The premise is anything but subtle: Love Actually for the superannuated set. A “group of self-deluding old fossils” from England are deposited, for various reasons, at the titular flophouse, deluded by Photoshopped pictures that promised great luxury. Besides Muriel and Madge, there's the newly widowed Evelyn (Dench), the Ainslies (Bill Nighy and Penelope Wilton), the just-retired judge Graham (Wilkinson), and the ageless skirt chaser Norman (Ronald Pickup). Away from home, lessons will be learnt, lovers united, old hurts healed, new lives forged — it's India as soothing balm for frayed British nerves.

John Madden, the director, begins the film with ‘Strangers in the night' tinkling in the background, and soon enough, these strangers are exchanging glances during a long night at the airport.
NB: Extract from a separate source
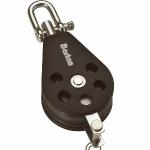 Barton Size 1 30mm Plain Bearing Pulley Block Single Swivel & Becket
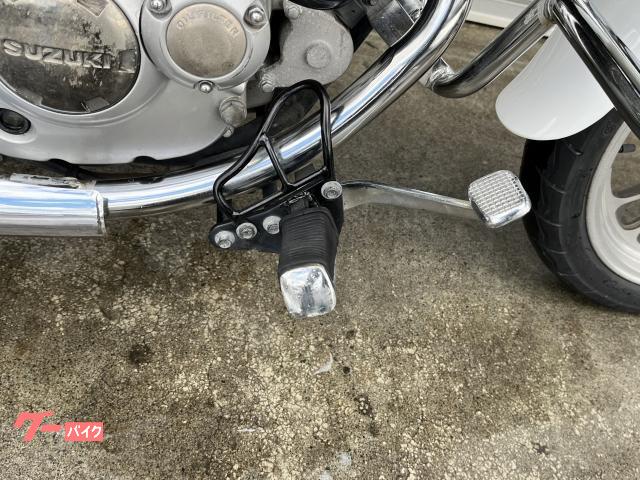 スズキ GZ125HS 自賠責1年付 純正標準装備エンジンガード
And once they land in their former colony, they encounter camels, elephants, food poisoning, squalor, colour (beginning with the gauzy pink-orange sunset their plane lowers itself into), call centres, domineering mothers, arranged marriages, malfunctioning plumbing, and, perhaps most perplexing of all, idiomatic Indian English. (The manager of the hotel, played by Dev Patel, cheerfully informs them, “Long in tooth you have become.”)

But the trite, soap-operatic machinations of plot are trumped by that great ensemble of English thespians. How do they do it every time, imbuing the creakiest of lines and scenarios with such wit and wisdom? Not every storyline works (and the portions with the Indians are the weakest), but there's enough to keep us invested in the redemption of these lost souls. Nighy explodes with long-suppressed frustrations, Wilton coolly assesses their foundering marriage, Wilkinson plays cricket with urchins on the street — it's superlative acting as soothing balm for frayed audience nerves.

The Best Exotic Marigold Hotel

Genre: Comedy-drama

Director: John Madden

Cast: Judi Dench, Bill Nighy, Maggie Smith

Storyline: Brits vacationing in India discover the country and themselves.